§ **Image-caption web data**:
--- START ---
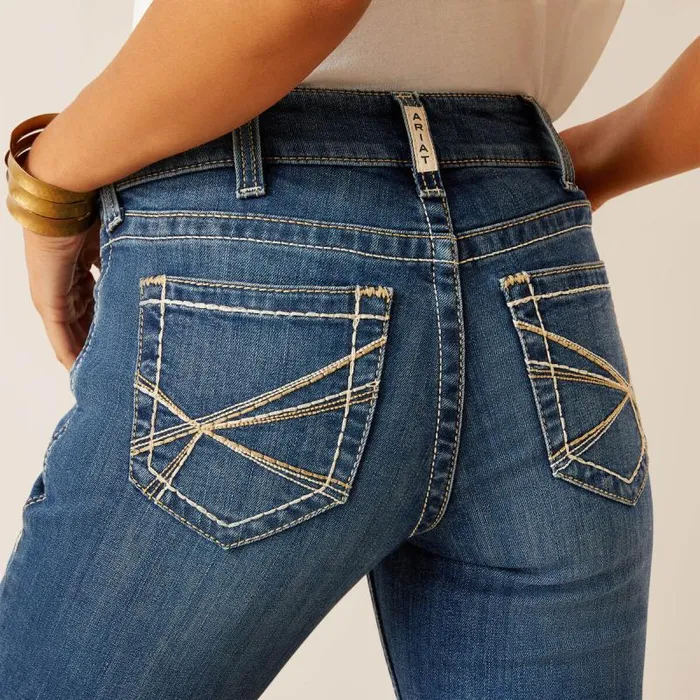 Women Denim Ariat Arrow Fit Perfect Rise Alina Boot Cut Vermont Women Denim Ariat Arrow Fit Perfect Rise Alina Boot Cut Vermont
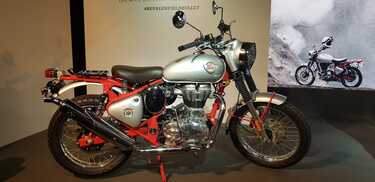 Royal Enfield Bullet Trials Works Replica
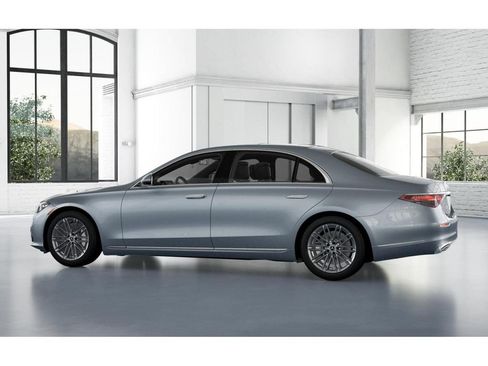Used 2021 Mercedes-Benz S 580 4MATIC Sedan image 32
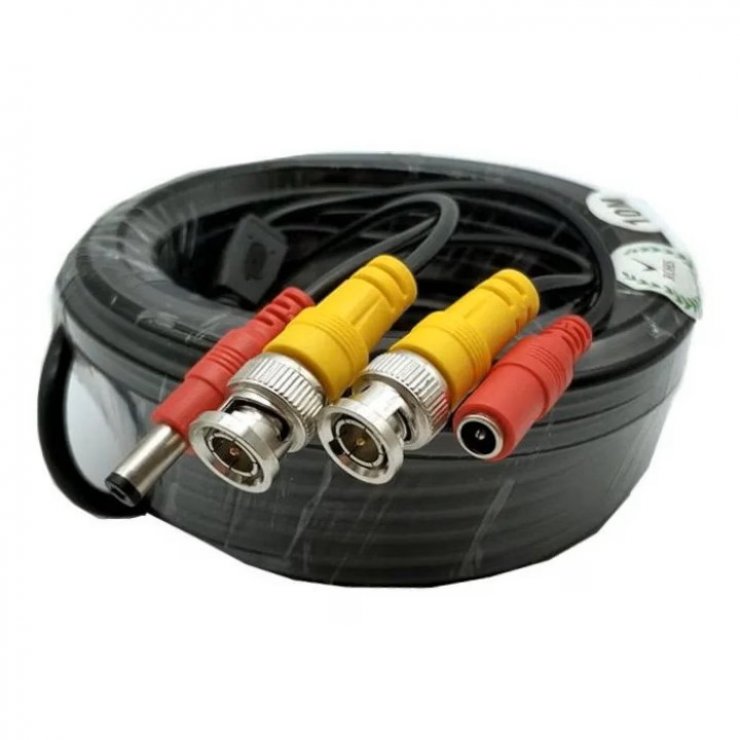 Cablu Video BNC 4K cu Alimentare DC 10m BD-10-4K OEM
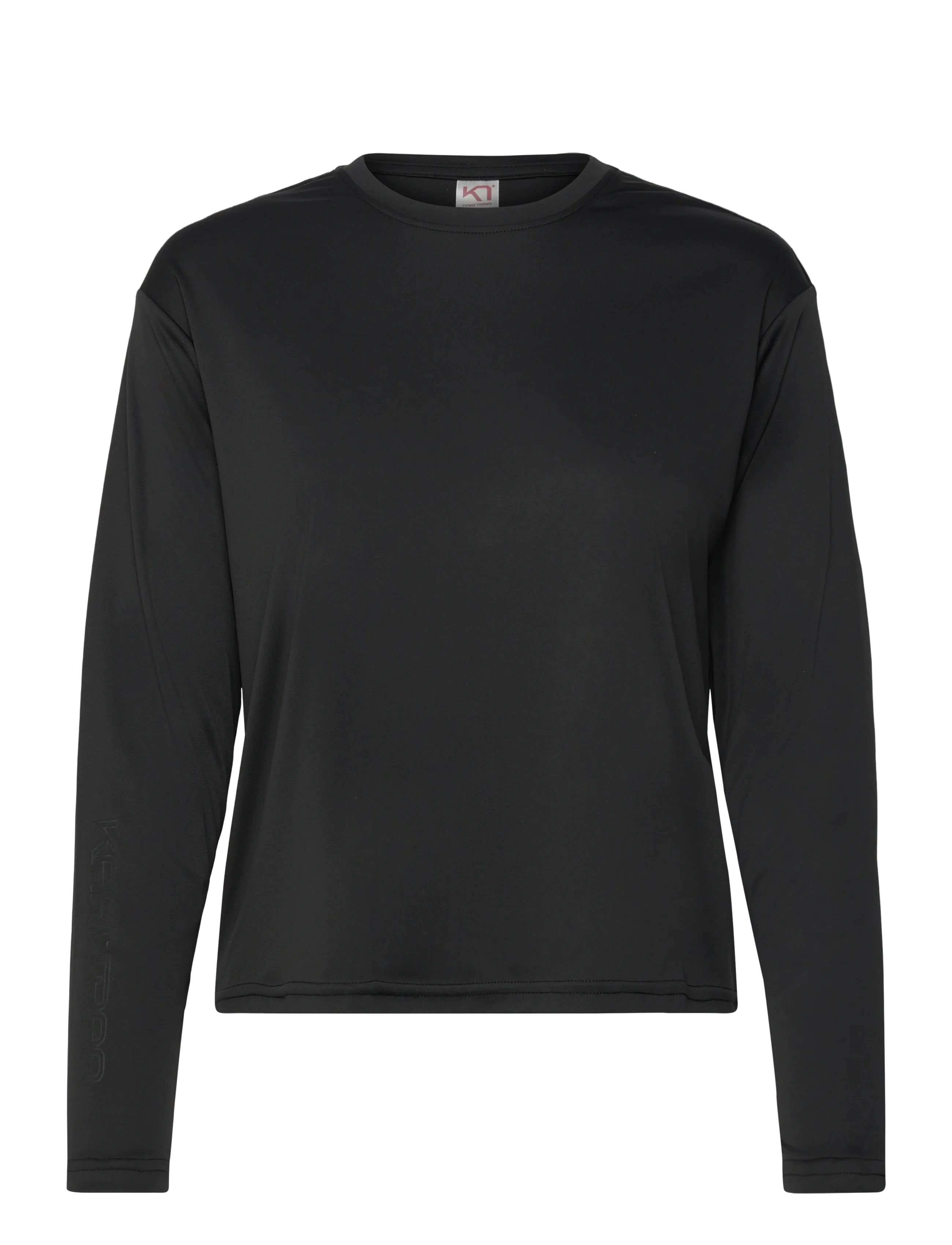 KARI TRAA Una Ls Schwarz - M - Damen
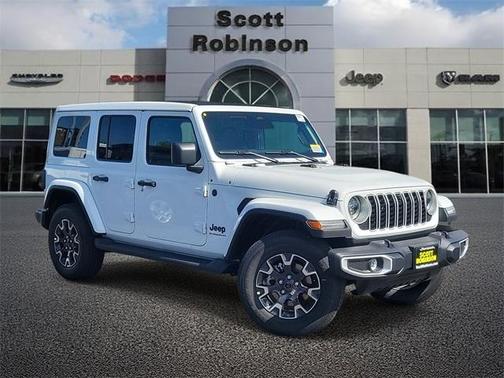 2025 Jeep Wrangler Sahara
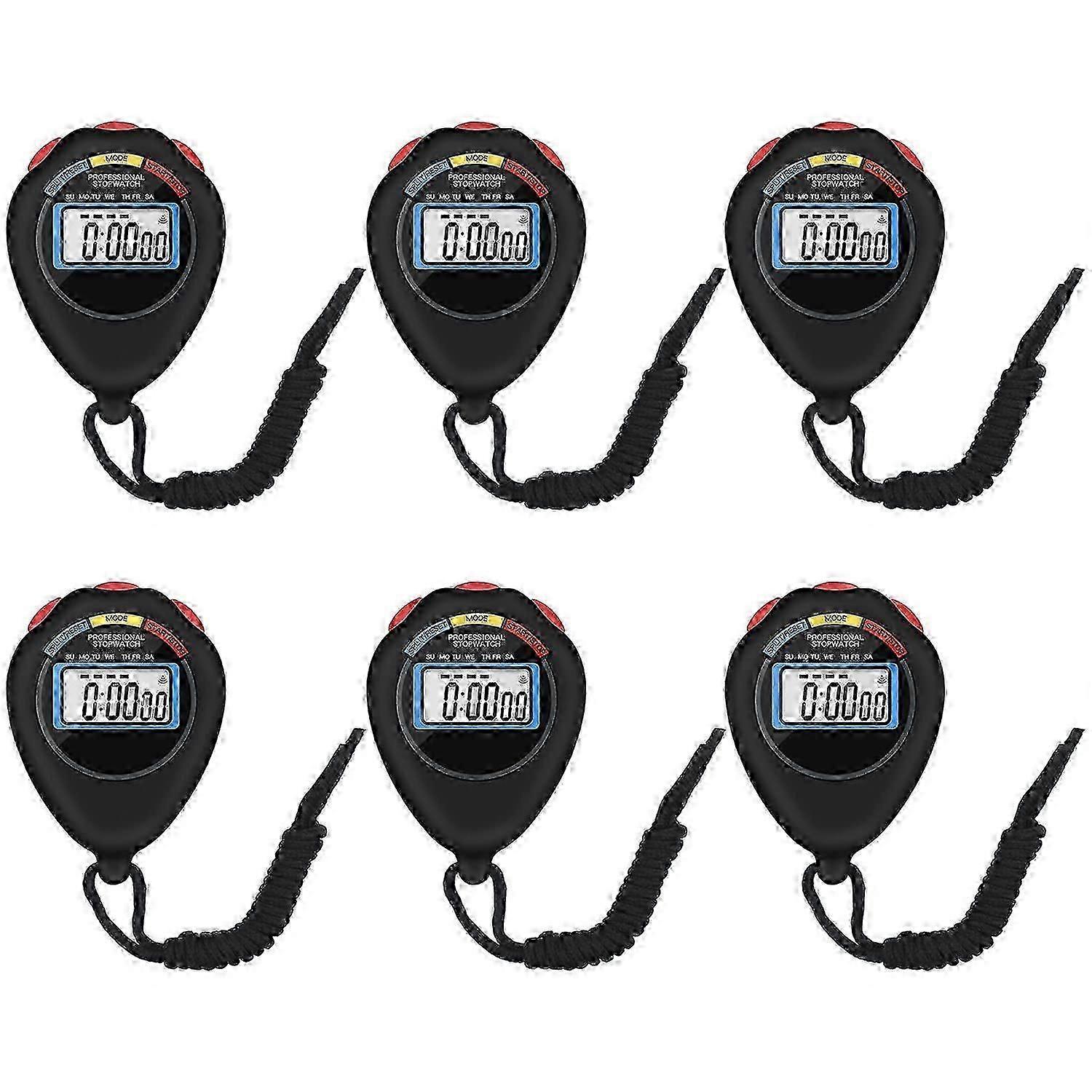 Large Display Digital Stopwatch With Alarm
--- END ---
Write out the entries again, exactly as given, skipping any images.

§ **Exercise result**:
 Women Denim Ariat Arrow Fit Perfect Rise Alina Boot Cut Vermont Women Denim Ariat Arrow Fit Perfect Rise Alina Boot Cut Vermont
 Royal Enfield Bullet Trials Works Replica
Used 2021 Mercedes-Benz S 580 4MATIC Sedan image 32
 Cablu Video BNC 4K cu Alimentare DC 10m BD-10-4K OEM
 KARI TRAA Una Ls Schwarz - M - Damen
 2025 Jeep Wrangler Sahara
 Large Display Digital Stopwatch With Alarm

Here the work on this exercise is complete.